Why It Works for Today’s Schools
The SPIKE Prime kit has 32 different lesson plans that allow students to learn in a scalable way, meaning it can be used to create something simple or complex, allowing students to grow with it over time. It can also be added to a lot of existing lesson plans.
“A product like SPIKE Prime also fits into the intersection of traditional classroom learning with technology and engineering thinking,” Bishop says. “We’ll never be able to predict the future, but we can train students today to be future-ready by using products like SPIKE Prime that help them learn how to think critically and learn through doing.”
Coxon agrees. “We know it’s just as important as verbal and mathematical abilities overall, and more important in domains such as engineering and physics,” he says.
Since high spatial ability predicts success in STEAM fields — which are currently in high demand, something expected to continue over the next decade — it’s necessary for schools to start preparing students with these skills. Coxon believes SPIKE Prime kits will help in that endeavor.
Added Benefit for Struggling Students
Another benefit? According to Bishop, SPIKE Prime kits may be able to help students who traditionally find themselves on the fringe of subjects like math and science develop a greater understanding of the concepts.
“Many students who struggle with math and science topics find it hard to learn formulas and theories solely from a textbook,” Bishop notes. “A product like SPIKE Prime allows students to get hands-on and innovate.

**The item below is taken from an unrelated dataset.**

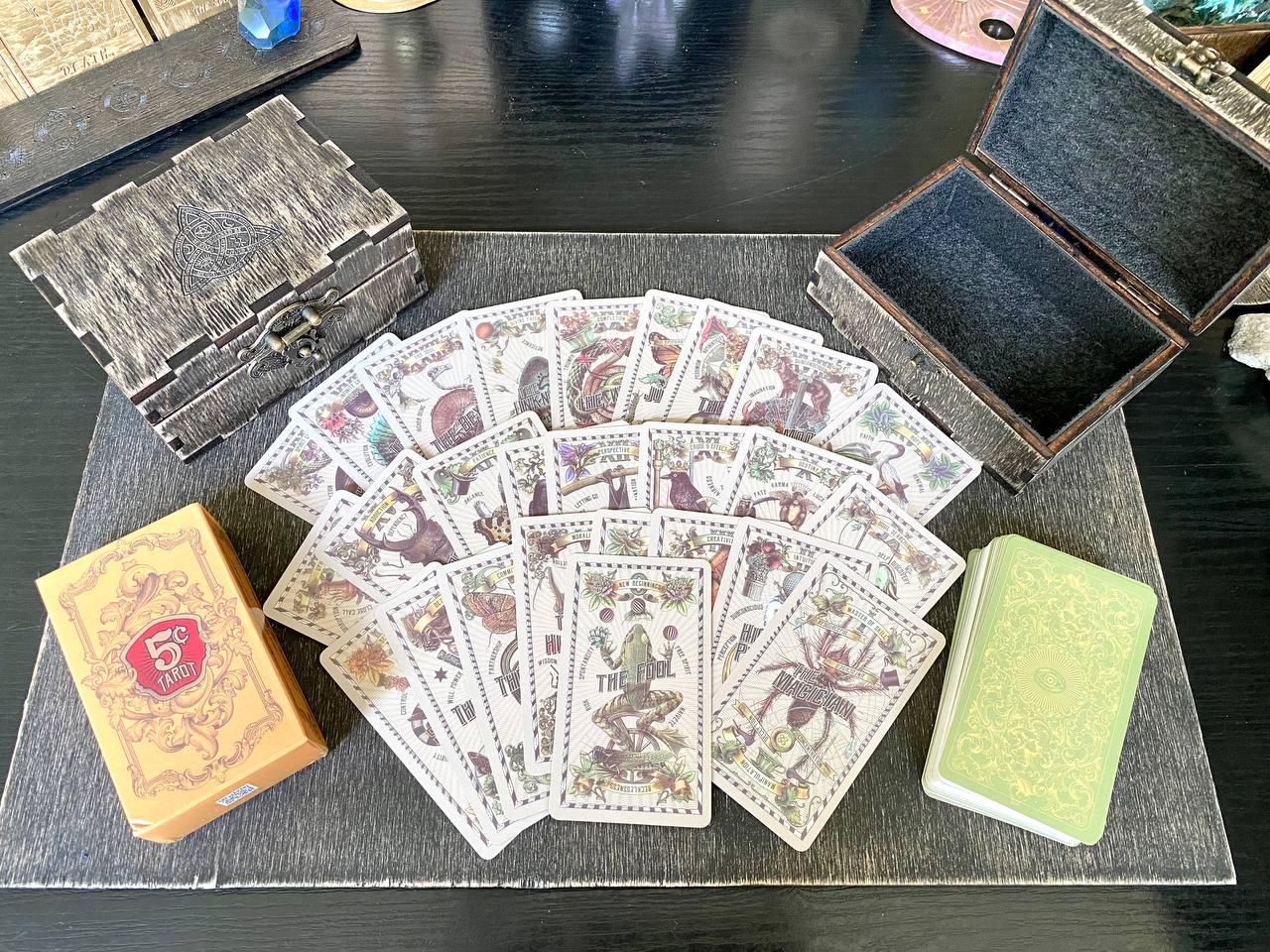 a collection of tarot cards and a wooden box on a wooden surface.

They can build something that allows them to understand a math, science or engineering concept in a tangible way.”
The new LEGO Education products are scheduled to roll out this week.
LEGO SPIKE Prime Kit — Sources
Jon Bishop, a K-12 STEM Coordinator for Canton Public Schools
Steve Coxon, Ph.D., an associate professor of the School of Education at Maryville University and executive director of the Center for Access and Achievement (CA2)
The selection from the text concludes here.